Otro factor importantísimo es la accesibilidad. Cuando se trata de manantiales que vierten sus aguas al exterior, el transporte del voluminoso y pesado material que es necesario para la exploración puede resultar relativamente fácil: desde situarnos al borde del manantial a pie de coche, a tener que realizar cortas o largas caminatas con el equipo a nuestra espalda, con o sin ayuda de animales de carga. El traslado se complica en la medida en que las distancias y las profundidades son más grandes, debido a que el volumen de la compleja parafernalia necesaria para nuestra actividad aumenta progresivamente. Si, además, nos topamos con una zona aérea (sin agua), por la que se accede a una nueva área anegada, tendremos que transportar el material necesario a través del sifón y, posteriormente, cargarlo en la zona libre de agua, instalar cuerdas en las zonas peligrosas y así sucesivamente.
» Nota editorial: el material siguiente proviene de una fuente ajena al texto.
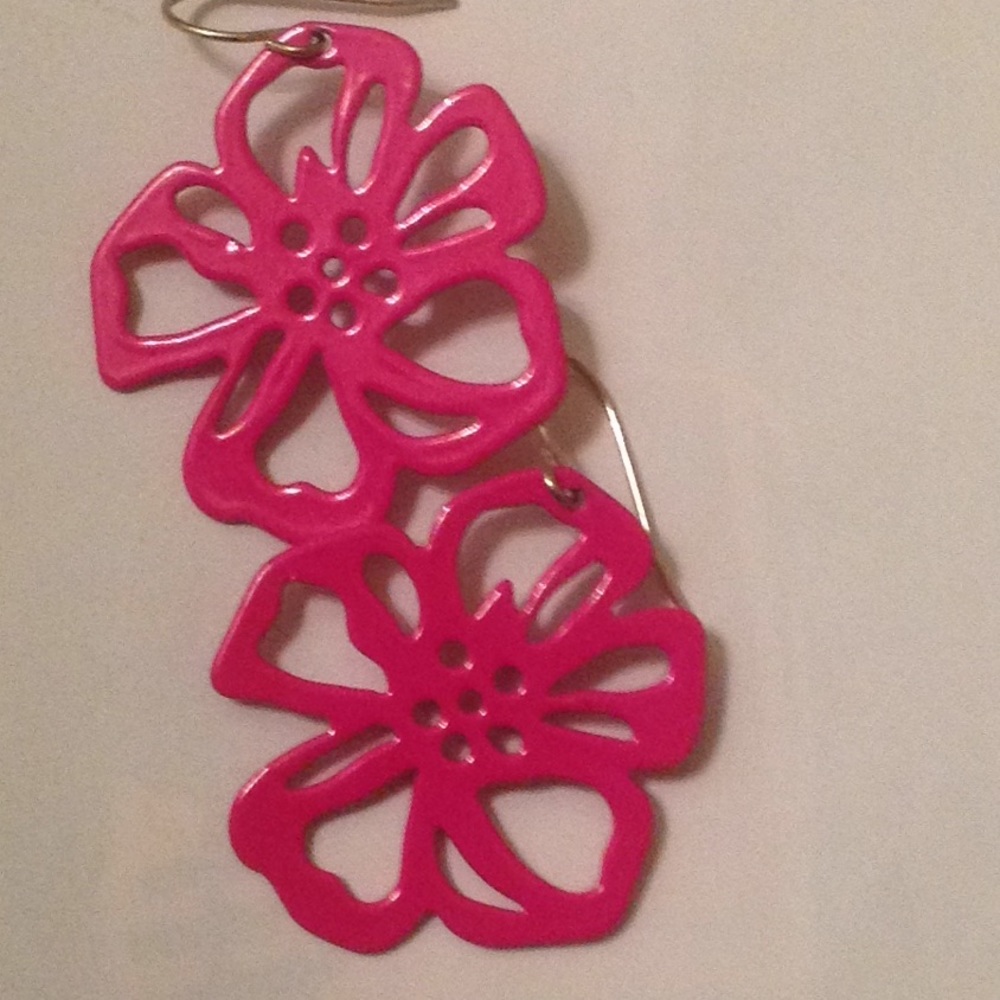 Vintage enamel ,metal flower earrings - Picture 3 of 3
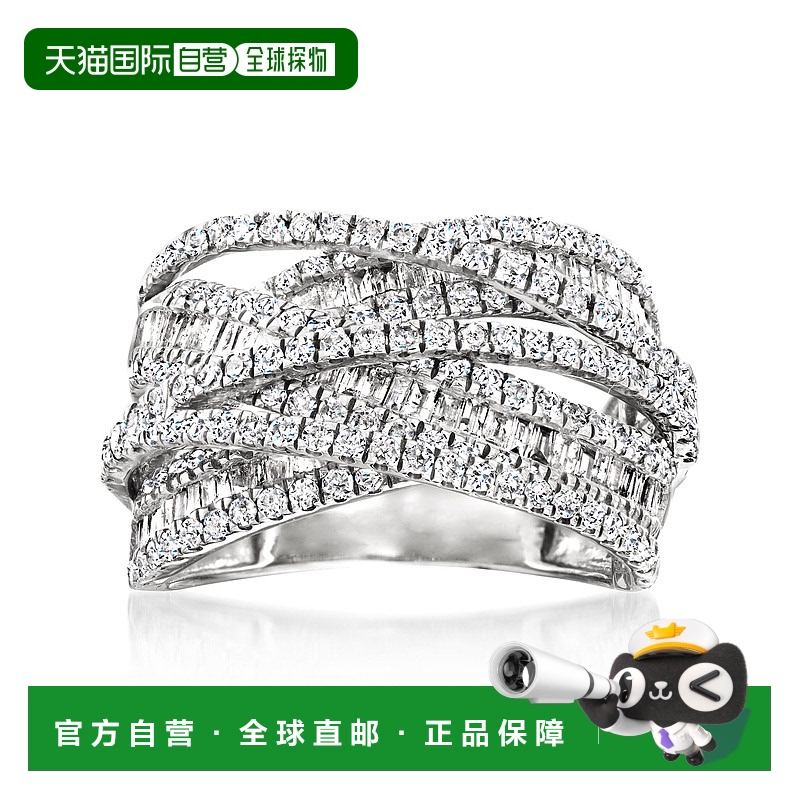 自营 14 克拉白金 Ross-Simons 圆形和长方形钻石公路戒指 - 白色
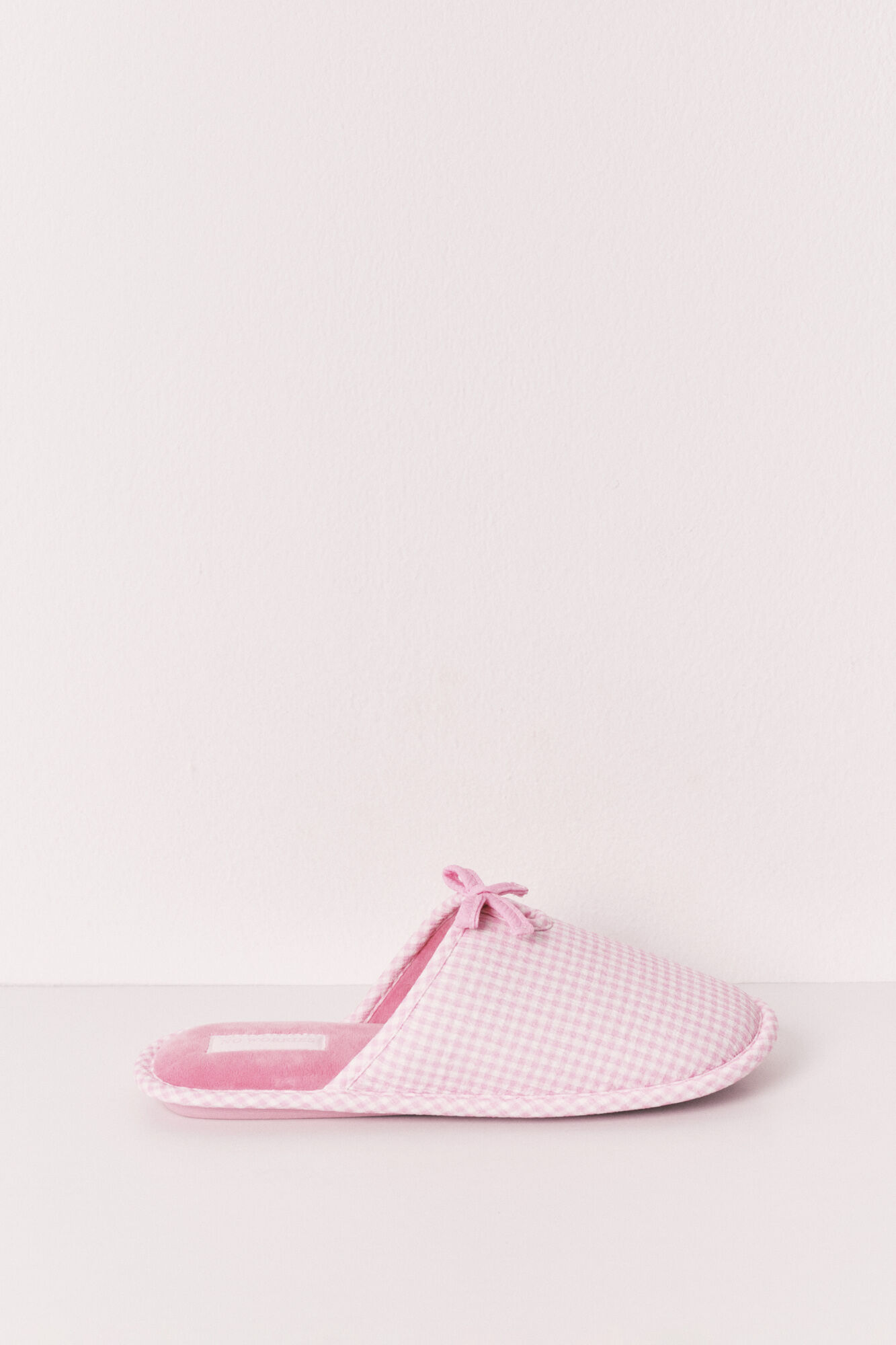Women'secret Pantuflas estampado vichy con lazo rosa rosa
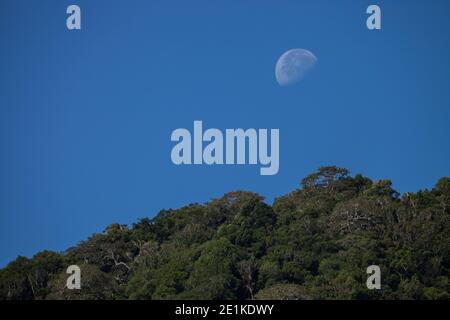 Mond über Berg zur Tageszeit Stockfoto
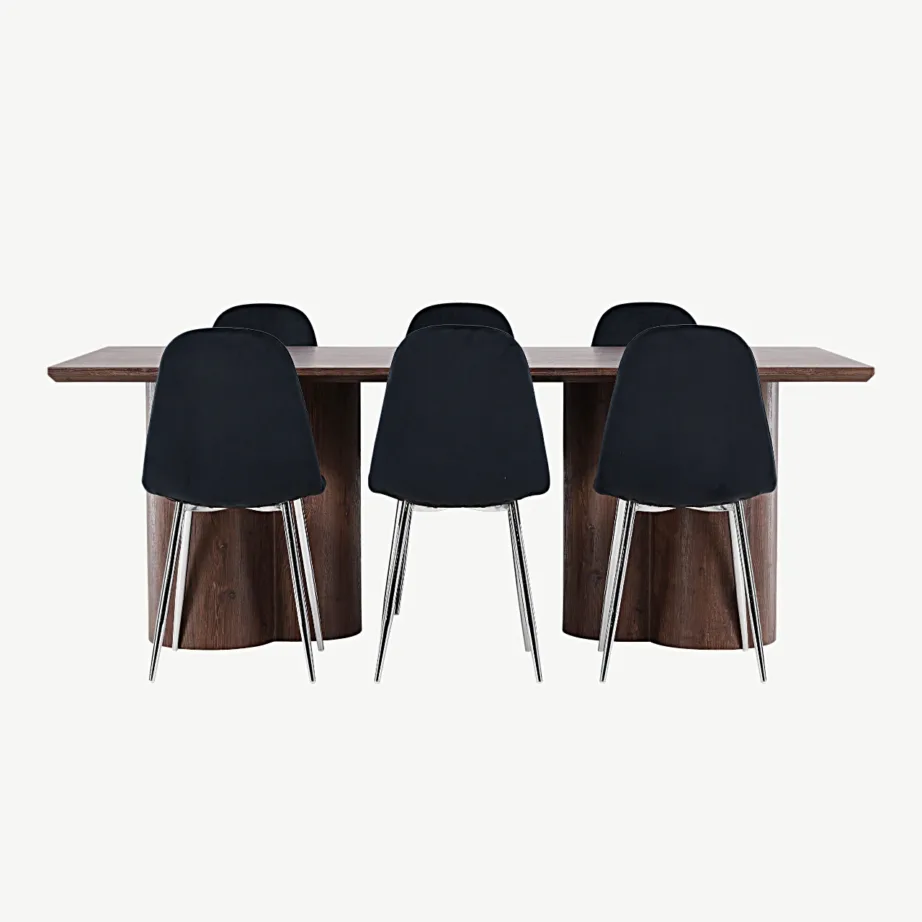 Mokkatoonis MDF-ist Olivia söögilaud ja musta velvetkattega Polar tool, GR24538 – 4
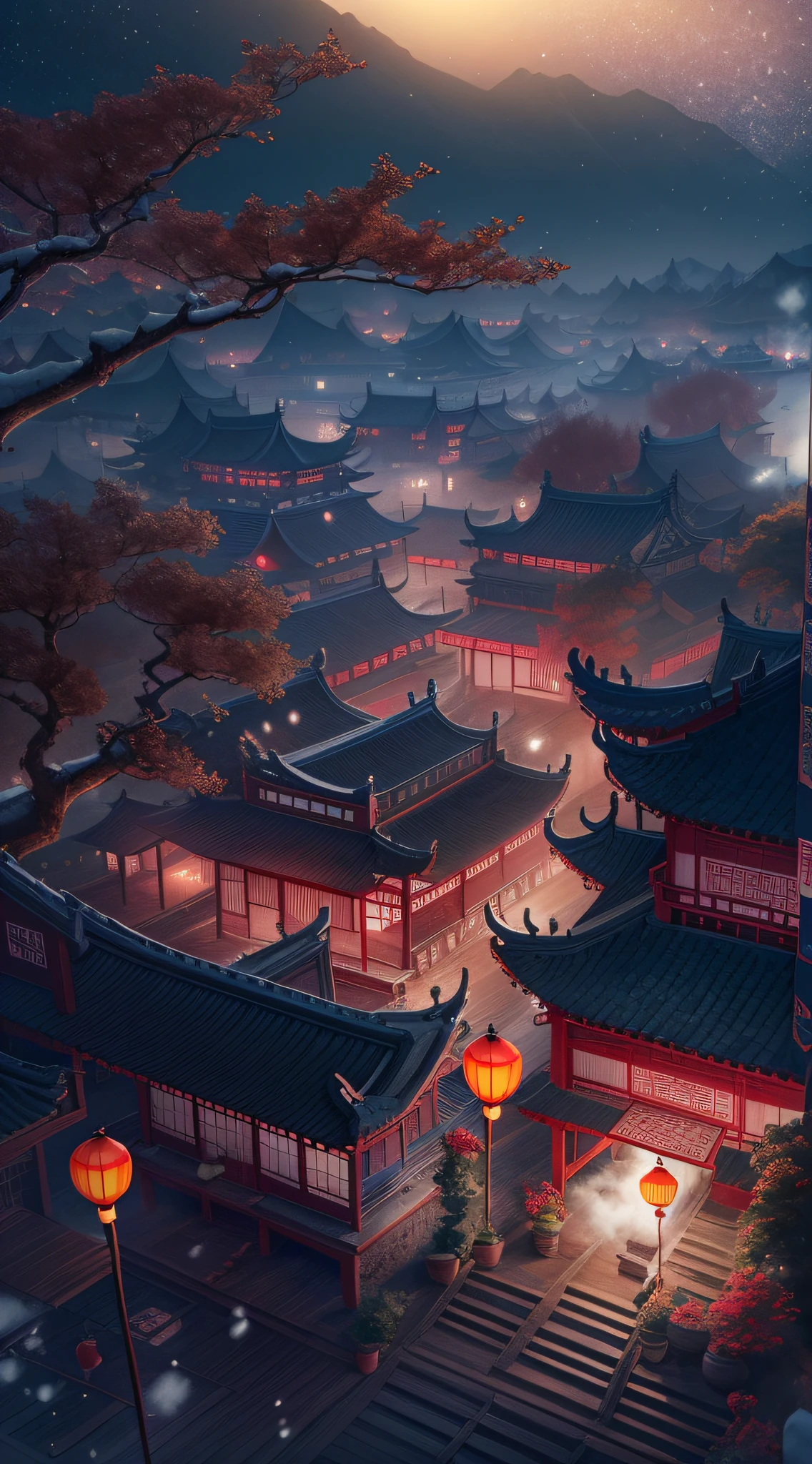 Rendering in surreal CG ancient China,Jiangnan ancient buildings and ancient towns have Yaolin wonderland。viewed from bird's-eye,the night,The stars are bright,The smoke is fascinating,Maple leaves and milk leaves are trees。snow landscape。k hd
Cuando la zona inundada que pretendemos explorar se encuentra en el interior de una cavidad, a veces a varios kilómetros de la entrada y cientos de metros de profundidad, donde tenemos que salvar pozos verticales, descendiendo por cuerda, pasos angostos, meandros y caminos tortuosos entre bloques de piedra, barro, etc., transportando la pesada y delicada carga, es fundamental, además, poder contar con el apoyo de un numeroso y abnegado equipo de expertos y sufridos espeleólogos que porteen el equipo, por lo que la exploración puede complicarse y dificultarse hasta extremos inimaginables.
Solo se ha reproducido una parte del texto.